Coq au vin is a classic French dish that translates to “rooster in wine.” It is a rich, flavorful stew made primarily with chicken (originally an older rooster, which is tougher and benefits from long cooking), red wine, lardons (small strips or cubes of pork fat, often from bacon), mushrooms, onions, garlic, and sometimes carrots.

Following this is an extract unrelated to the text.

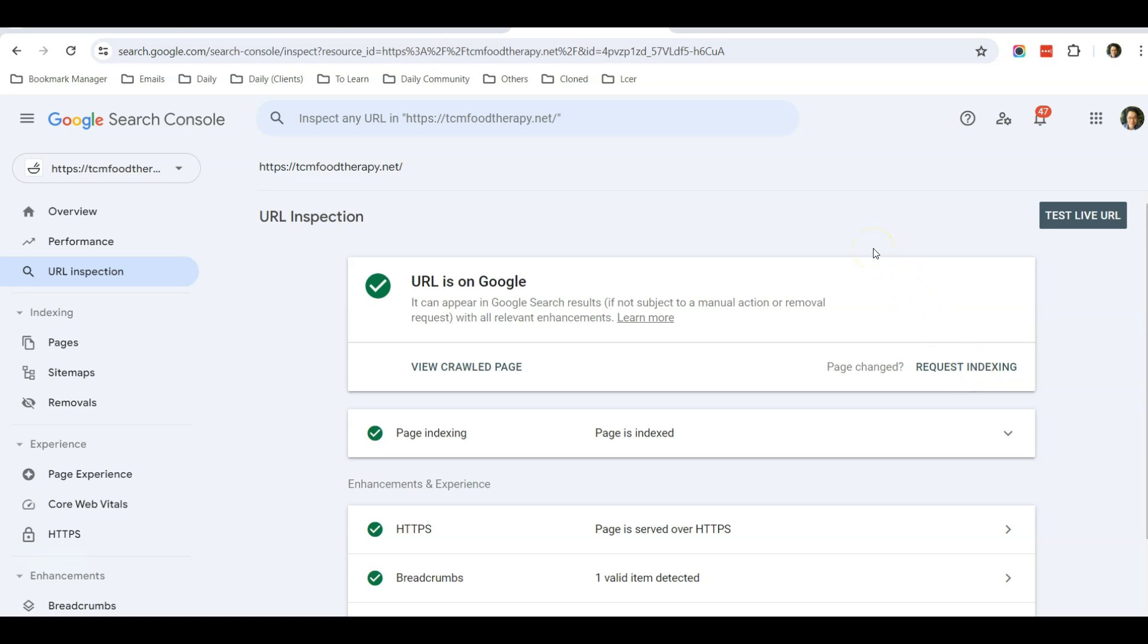And normally, after this process, the Google search result will be quickened, and you should see the new SEO title faster. Okay, so that's how you resolve the issue of changing the title in your WordPress website and why it's not reflecting on Google.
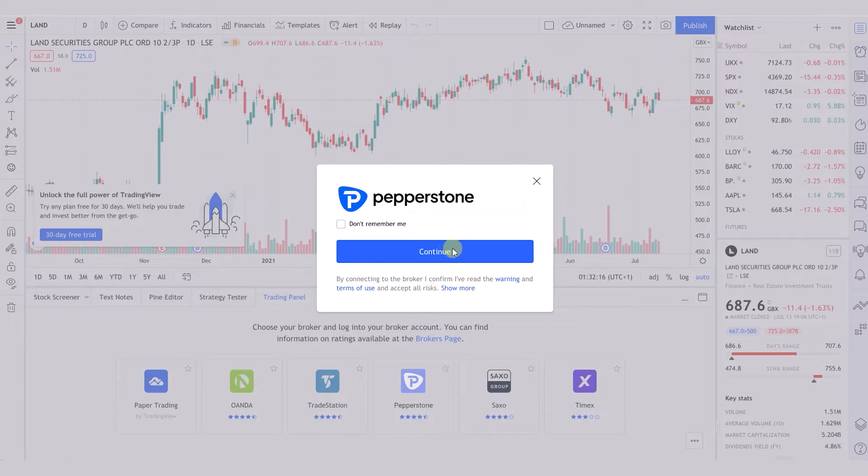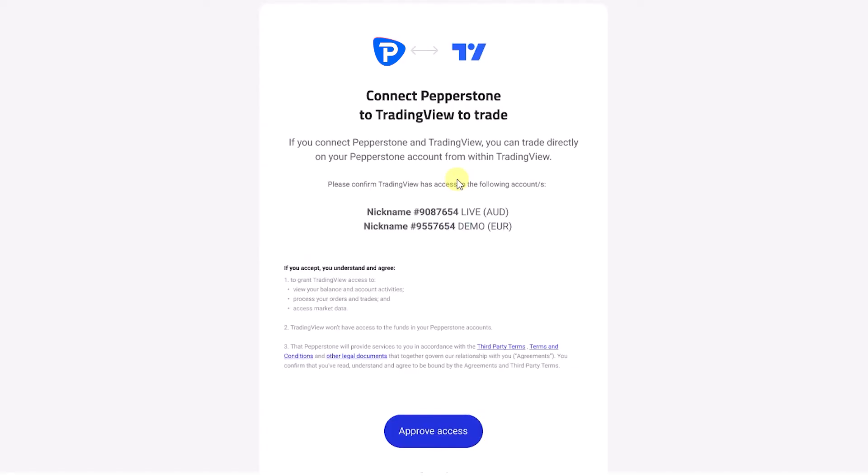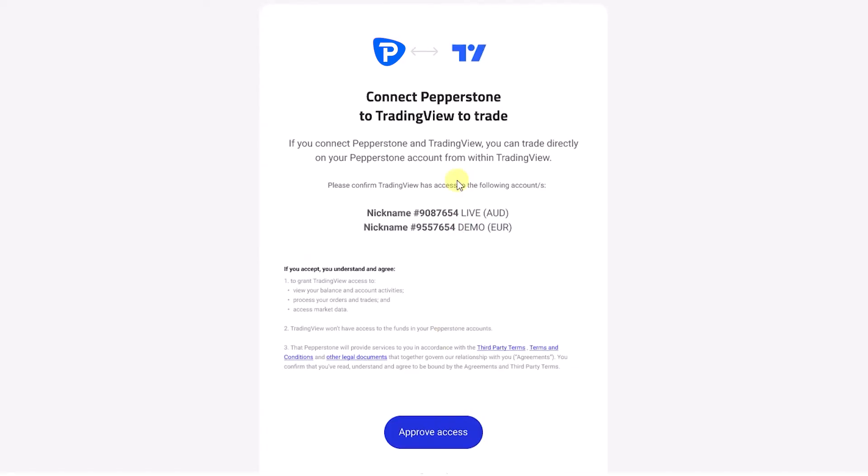After you select continue, you'll be redirected to the secure client area. Sign in to your secure client area and you'll be prompted to click approve access here.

The dish is traditionally slow-cooked to allow the flavors to meld together and the chicken to become tender.


  • Chicken: Typically a whole chicken cut into parts or chicken thighs and legs.

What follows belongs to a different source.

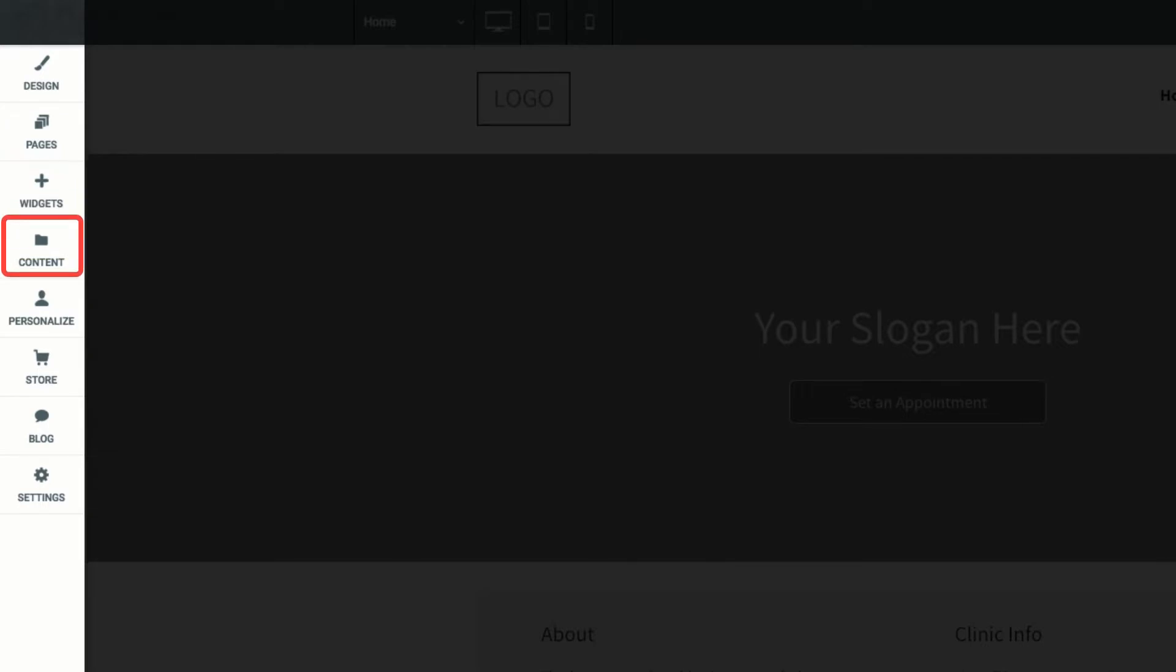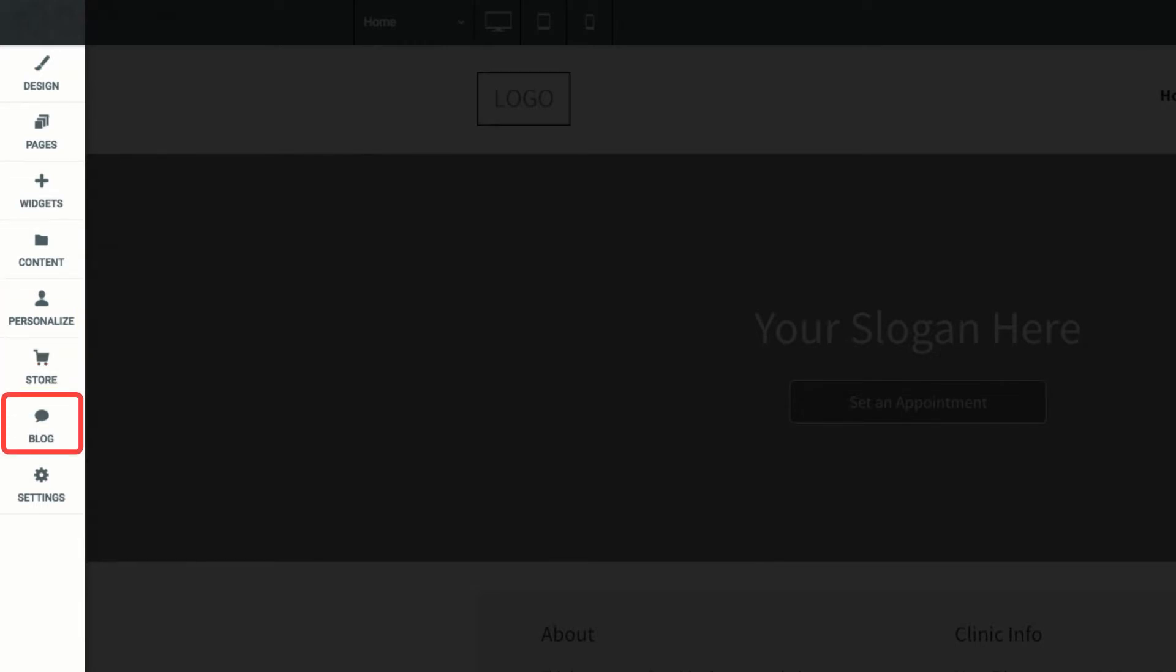Import and manage content, set up personalization rules, add an e-commerce store, start a blog, or adjust general site settings.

  • Red Wine: Burgundy wine is most commonly used, though other red wines can be substituted.
  • Lardons: Small pieces of pork fat or bacon that add a smoky, rich flavor.
  • Mushrooms: Sliced and sautéed to add depth to the dish.
  • Onions and Garlic: Essential aromatics that form the flavor base.
  • Carrots: Optional, but add sweetness and color.
  • Herbs: Thyme, bay leaves, and sometimes parsley are used for seasoning.
  • Broth: Chicken or beef broth is often added for additional depth.


  1. Marinating: The chicken is often marinated in red wine with herbs and aromatics to infuse flavor.
  2. Browning: The chicken pieces are browned in a pan with the lardons to develop a deep, savory flavor.
  3. Sautéing: Mushrooms, onions, and garlic are sautéed until tender.
  4. Simmering: The chicken is then combined with the wine, broth, sautéed vegetables, and herbs, and simmered slowly until the meat is tender and the flavors are well-blended.
  5. Thickening: The sauce is often thickened at the end, sometimes with a beurre manié (a paste of butter and flour) or by reducing the liquid.


Coq au vin is typically served hot, often accompanied by crusty bread, mashed potatoes, or noodles to soak up the flavorful sauce. It is a comforting and hearty dish, perfect for a special occasion or a cozy meal.